A question I’ve been asking myself for years
You just wrote an article about that Pink Floyd album you weren’t able to put down for forty years. You put their album artwork in your article.
We have a question about that. Did you ask Pink Floyd for permission to use their artwork?
The short answer to the question of this title is that you are legally not allowed to use someone else’s copyrighted work unless you get expressed permission from them. In a job for a client, I faced a similar problem where they wanted to use a GIF from a different media company and put it in our emails, but we weren’t allowed to because the terms and conditions on their site said that we were not able to redistribute anything they made unless we got expressed permission from them.
So if you plan on using someone else’s artwork in your article, make sure to read the terms and conditions to see whether or not you can use it. If you can prove to us that you can use it because of what you found in those terms and conditions, we’ll happily publish it.
I have a silver lining though, one that can be very good for our pub at The Riff.

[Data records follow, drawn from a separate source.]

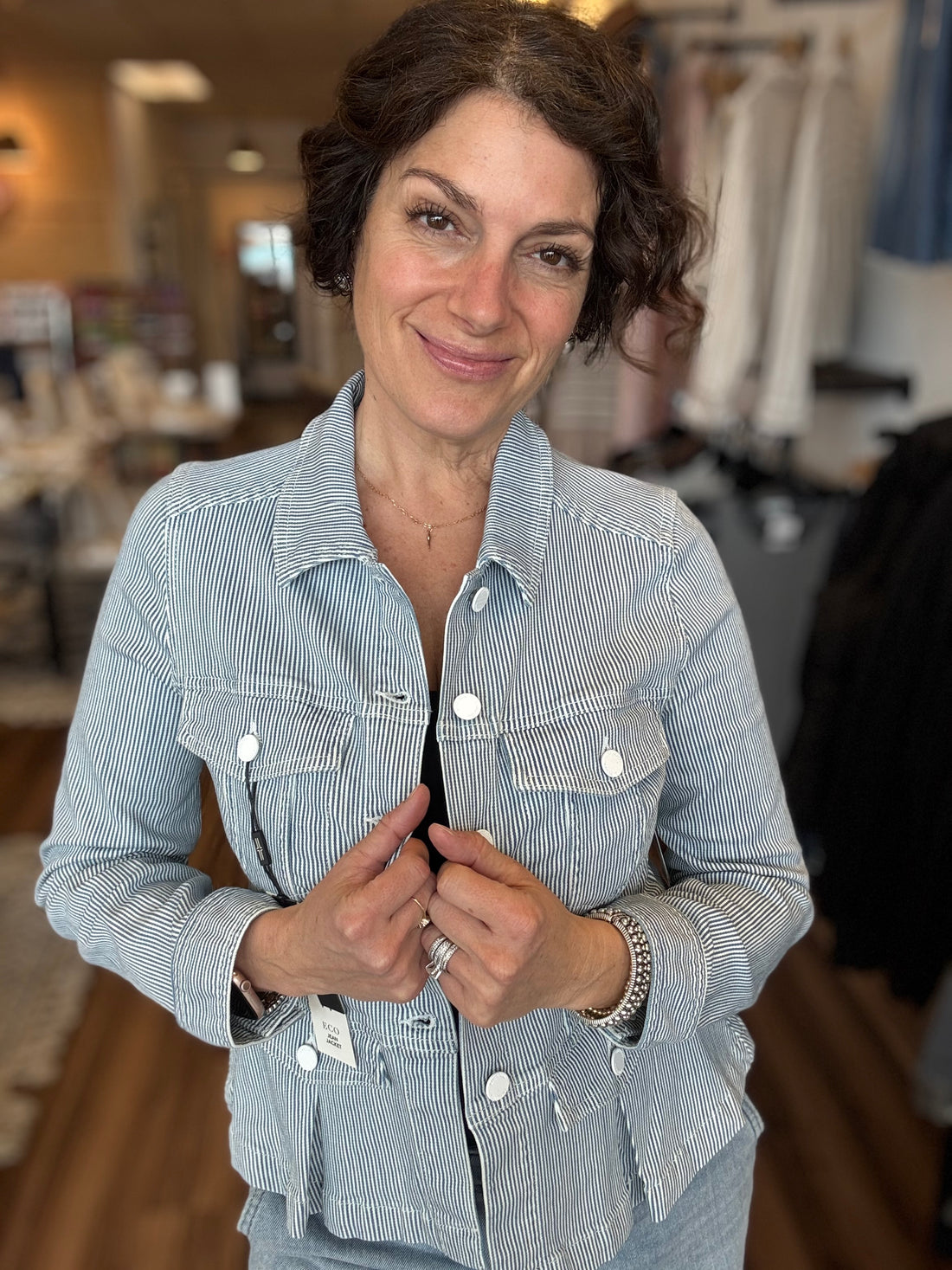 Liverpool - Pinstripe Peplum Jacket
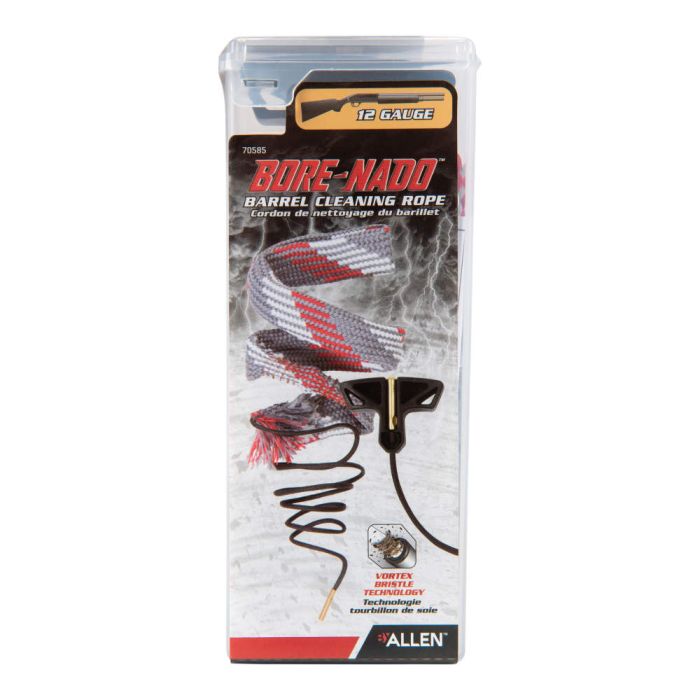 Bore-Nado Shotgun Bore Cleaning Rope 12 Gauge – Barrel Cleaning Tool with Brass Guide &amp; Copper Brushes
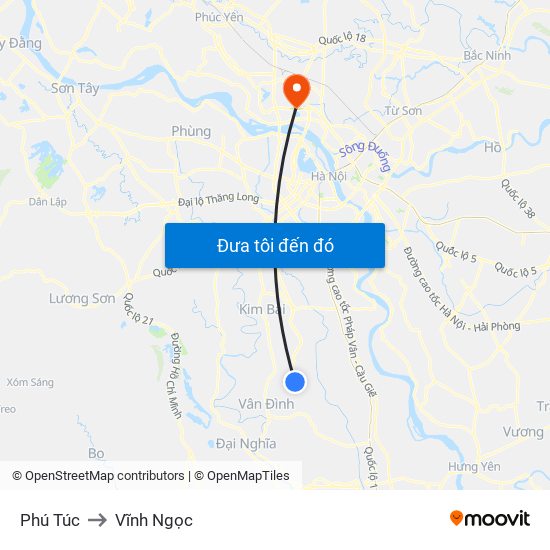 Phú Túc to Vĩnh Ngọc map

View this as an opportunity to write about local artists because those folks definitely want you to use their artwork and it’ll be super easy for you to get permission from them to do that.
Heck, they may even have a media kit on their site that lets pubs like us use top-quality photographs!
Connect with smaller artists that you like and ask them for permission. More than likely, they’ll say yes.
And now you are one of the first and only people to write an article about the potential next big thing in music.